Den Laden gibt es nicht mehr. Aha. Der ist weggezogen. Ach so. Und etwas Vergleichbares? Er schüttelt den Kopf. Einige Kilometer weiter, aber hier nicht. Na toll. Interessiert erkundige ich mich, ob es im Hause wenigstens ein Reformhaus gibt. In vergleichbaren Malls anderer Städte gibt es das. Auch nicht. Köln-Deutz ist anders. Ich bin mehr als enttäuscht. Auf Konzepte kann man sich nicht mehr verlassen. Ich laufe ziellos durch die Gänge und frage wild in jedem Laden, der eine Kaffeemaschine besitzt, nach. Ein koffeinfreier Kaffee mit Sojamilch scheint ein zu komplizierter Wunsch zu sein. Ich dachte, das wäre der Trend! Egal wo, ob in der Eisdiele oder beim Bäcker, auf Sojamilch antwortet man mir immer mit laktosefreier Milch. Das geht am Thema vorbei. Ich möchte Pflanzenmilch, um Produkte vom Tier zu meiden. Vegan eben. Ist gerade total in. Nie gehört? In der Konsumwelt nicht. Da soll der Verbraucher parieren und gefälligst das nehmen, was ihm angeboten wird. Wird schließlich alles hoch subventioniert. An einer Tchibo-Filiale komme ich noch vorbei, koffeinfreien Kaffee gibt es nicht, und als ich die Sojamilch erwähne, legt die Dame los: Dahinten gibt es einen Supermarkt. Dort können Sie Sojamilch kaufen. Danke, ich bin schon auf dem Weg nach draußen. Ihren Vortrag finde ich anmaßend.

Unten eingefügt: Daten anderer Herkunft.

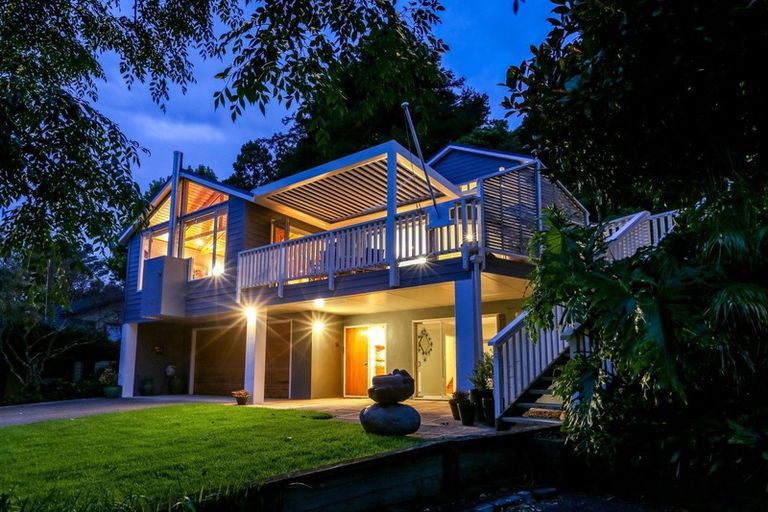 Photo of property in 11b Spencer Place, Merrilands, New Plymouth, 4312
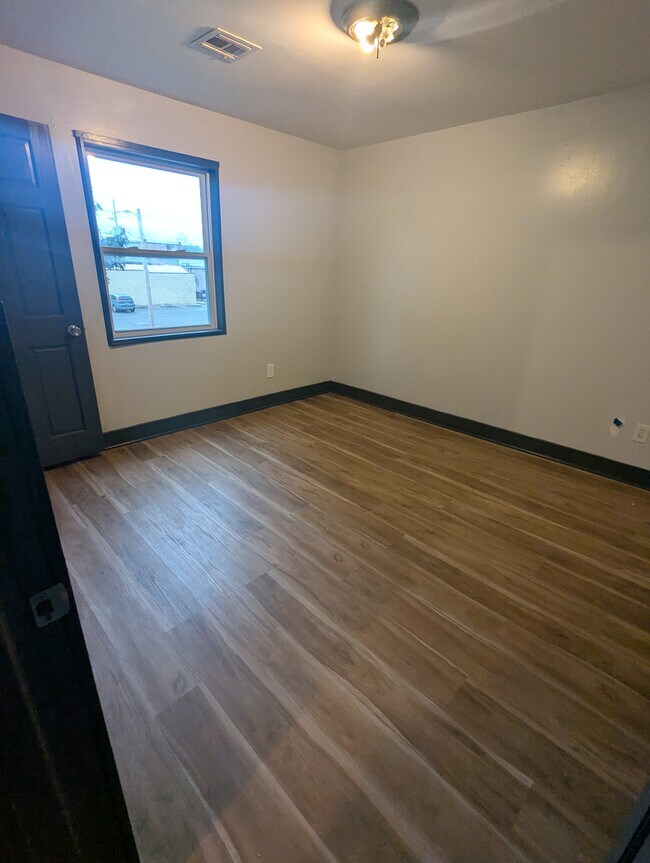 Dormitorio 2 de 2 - 201 W 10th Ave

Vegan liegt im Trend. Sogar bei mir zu Hause, auf dem Lande, stapeln sich mittlerweile die Bücher zu dem Thema in der Dorfbuchhandlung. Die Buchhändlerin sagt, sie werden stark nachgefragt. Das Interesse ist da. Zehn Kilometer weiter befindet sich ein Reformhaus. Dort erweitert sich die vegane Produktpalette ständig, man erklärt mir, dass mittlerweile mehr veganer „Käse“ verkauft wird als „normaler“. Interessant.
Aber ein Kaffee mit Sojamilch ist immer noch ein außergewöhnlicher Wunsch.